I guess my home is my Linus security blanket and I am reluctant to share it with a mortgage company.
Posted by: Darlene | Saturday, 01 May 2010 at 07:56 AM
I appreciate this very useful information, Saul. Thanks for putting it "out there".
Posted by: Tarzana | Saturday, 01 May 2010 at 08:05 AM
Out here, they have just turned into rip offs. The banks win, the consumer doesn't.
Posted by: Mage B | Saturday, 01 May 2010 at 08:39 AM
Thanks, Saul. I saved the column!
Posted by: mary jamison | Saturday, 01 May 2010 at 02:46 PM
Yes, thanks! I, too will be saving the column for when the time comes.
Posted by: possumlady | Sunday, 02 May 2010 at 10:35 AM
Financial Freedom has our HECM and it has been a blessing. Hope you are doing well and thank you for the update.
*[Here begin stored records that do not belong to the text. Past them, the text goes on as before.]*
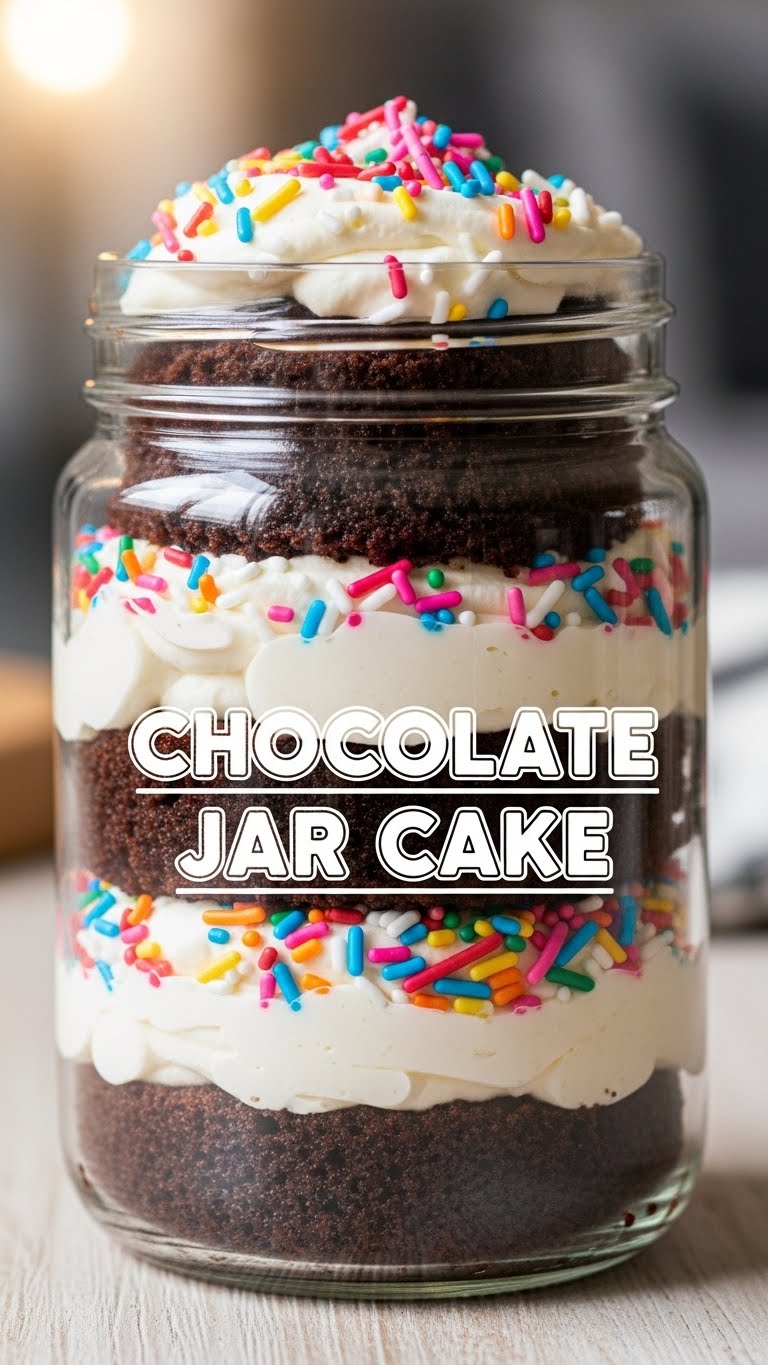 Chocolate Jar Cake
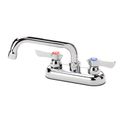 Product Image of Silver Series 4" Center Deck Mount Kitchen Faucet w/ 6" Spout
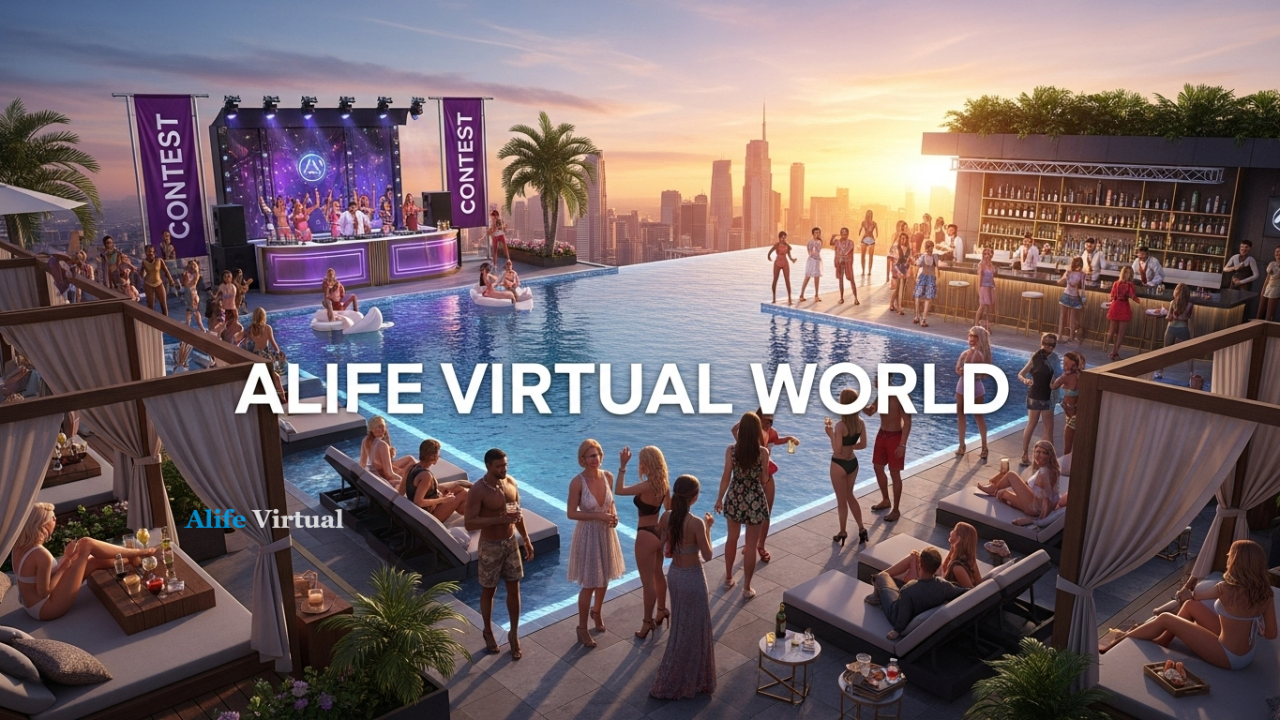 Virtual Life Social Activities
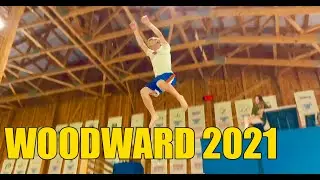 Vortex Tricking at Woodward Parkour!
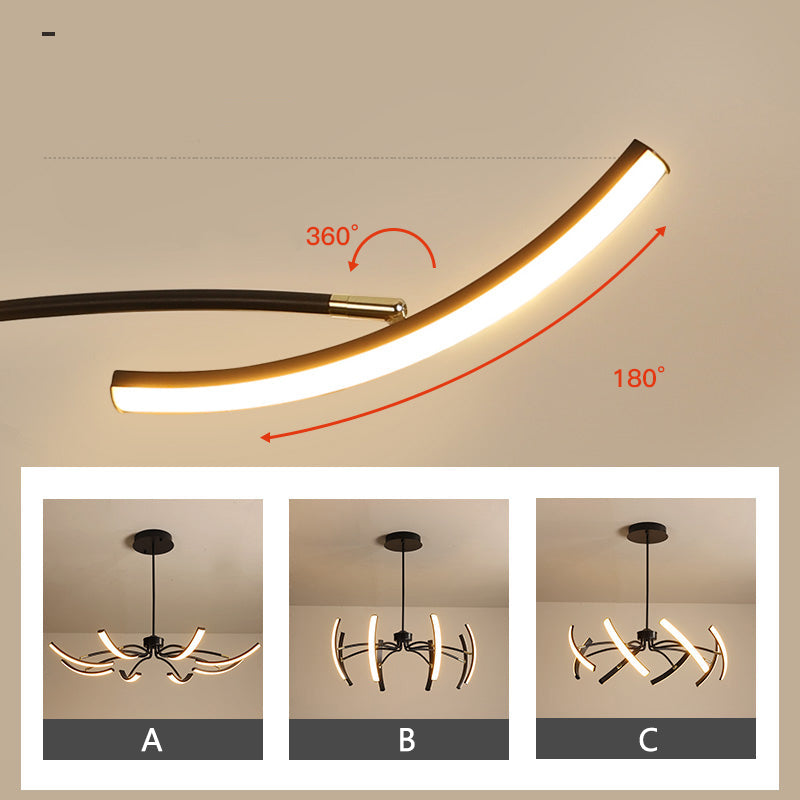 Arcova | Moderne LED-Deckenleuchte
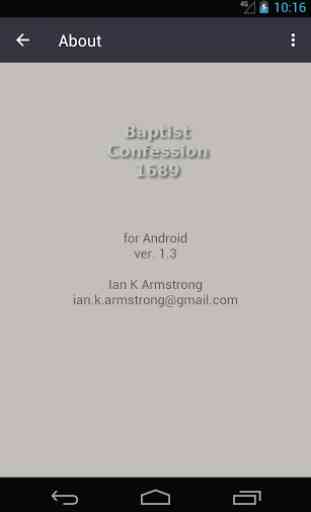 Baptist Confession 1689 4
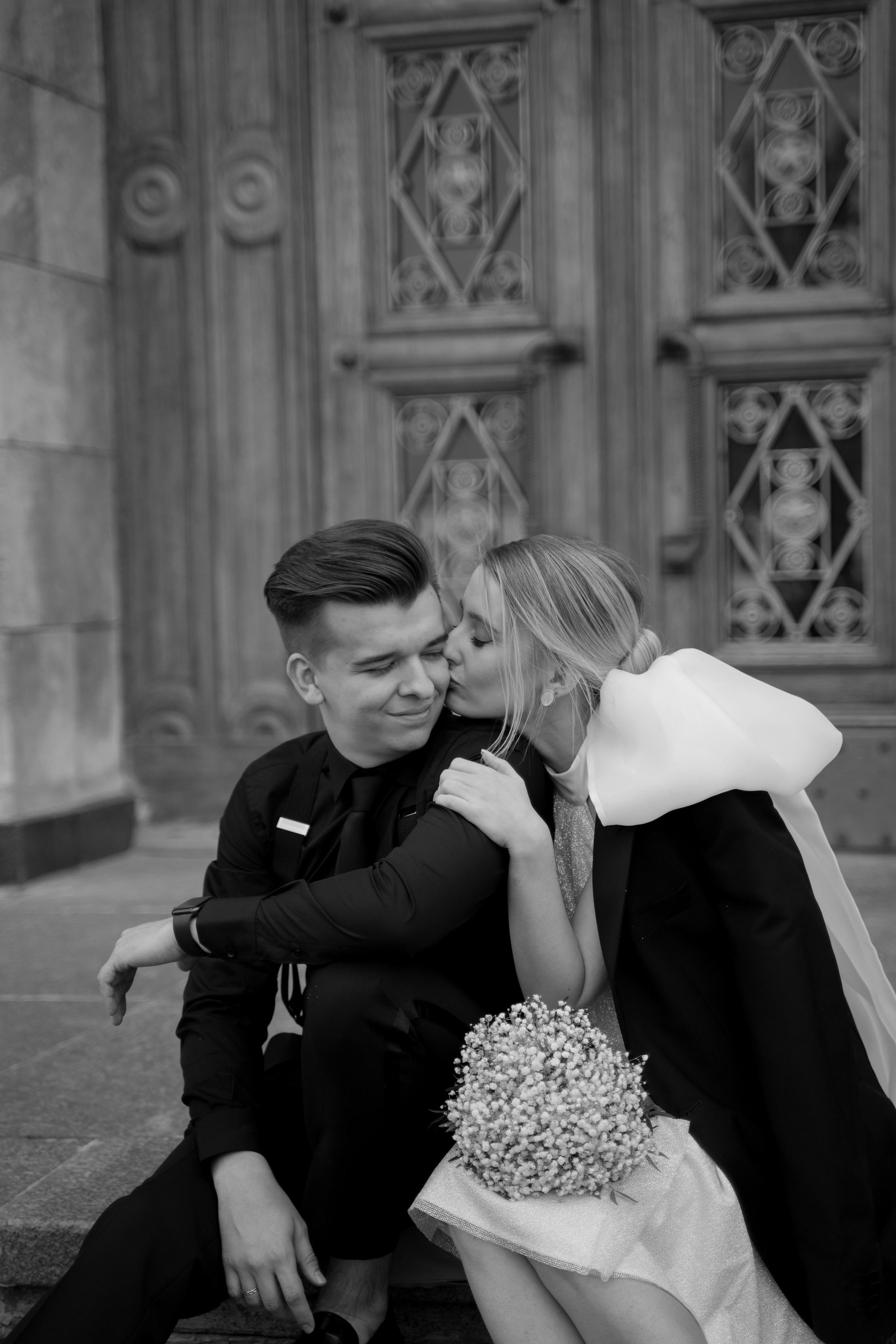 Кристина и Дмитрий. Свадебный фотограф Марина Попова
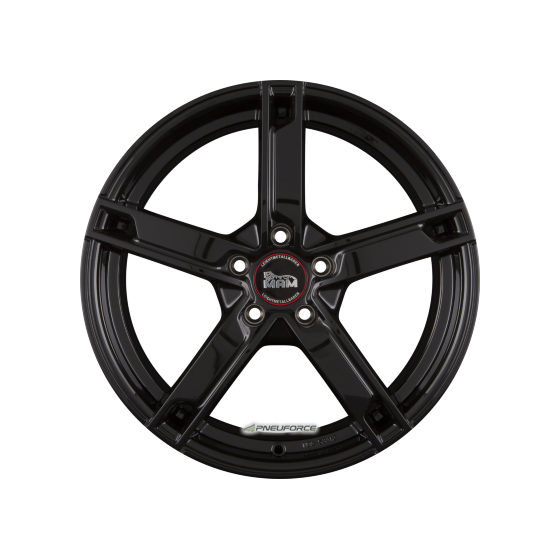 MAM MAM W4 Black Painted (BP)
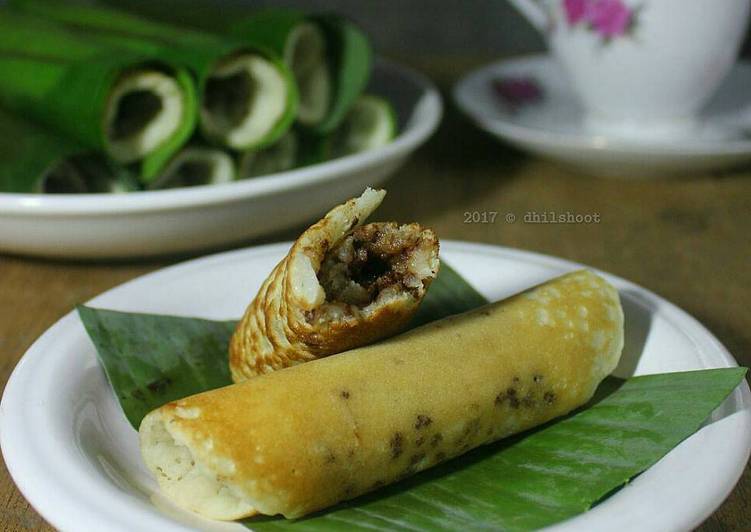 ragam memasak Surabi notosuman wannabe 😊 yang enak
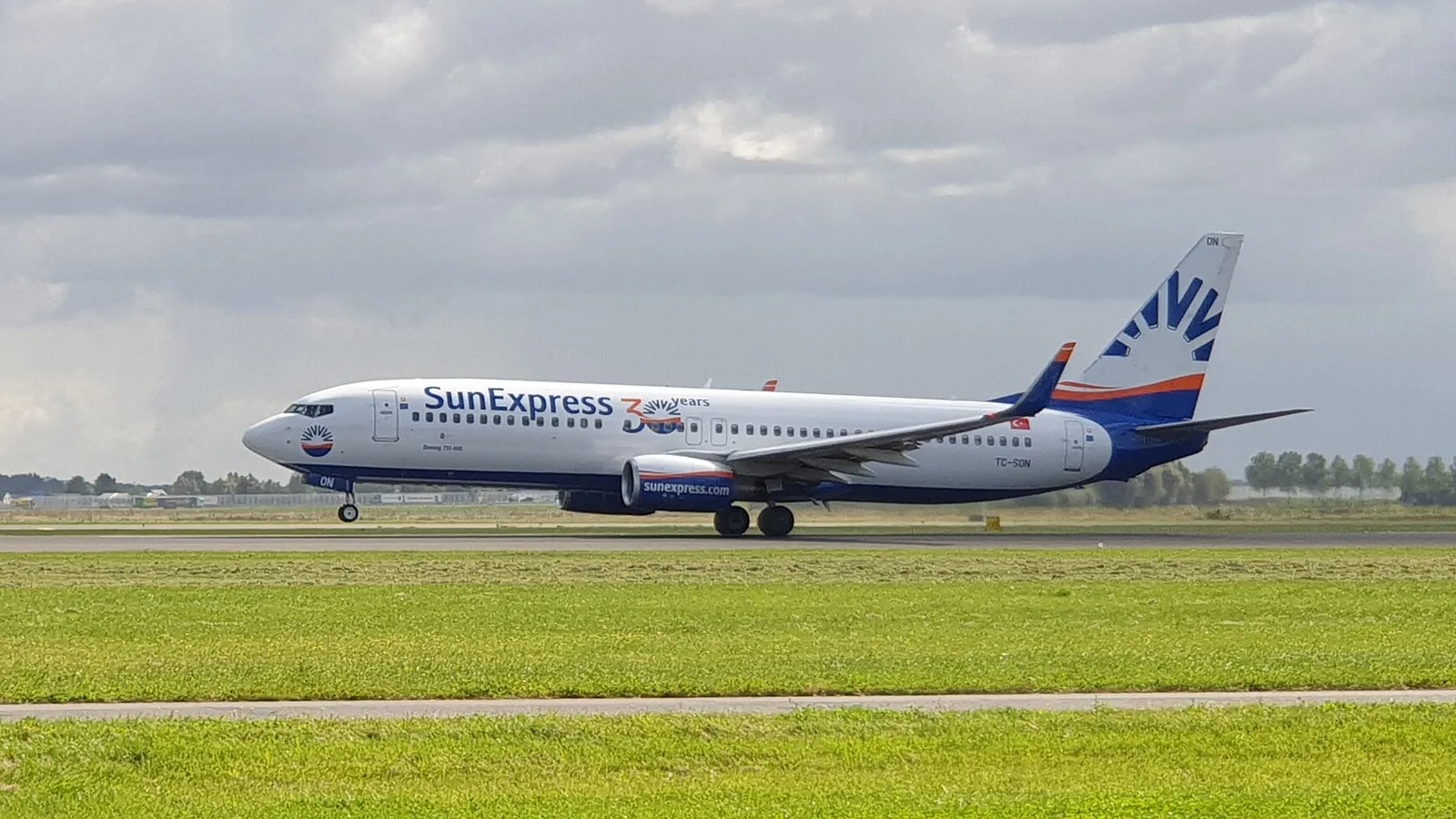 SunExpress aircraft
Posted by: Sheila Silver Halet | Monday, 03 May 2010 at 07:58 AM
I would like to correct one small erroneous statement. You do not need to "sell and pay off your first home" in order to purchase a second home. What is required is paying off the first mortage on your primary home,if you have one, so that you can get the proceeds from a reverse to buy the second home. No payments will exist then for either the first or second home. Gasper C. Celauro, Pres. Choice Home Mortgage Services
Posted by: Gasper Celauro | Monday, 03 May 2010 at 12:54 PM
Thanks for a great article Mr Friedman. Of course there's no way to put all the great benefits of a reverse mortgage in your article but you did not mention that its not just the origination fee but the service fee that major lenders are no longer charging. In the case of the lump sum being taken to maximize cash flow you did not mention that with rates on the adjustable being close to all time lows that the borrower can actually gain access to more money with the adjustable than with the fixed if they can budget their withdrawls over time- very important factor and it doesn't strip their equity as fast as the fixed rate lump sum requirement.
Wells Fargo is the only lender not charging origination fee and service fee on the adjustable rate version- a huge positive for their clients.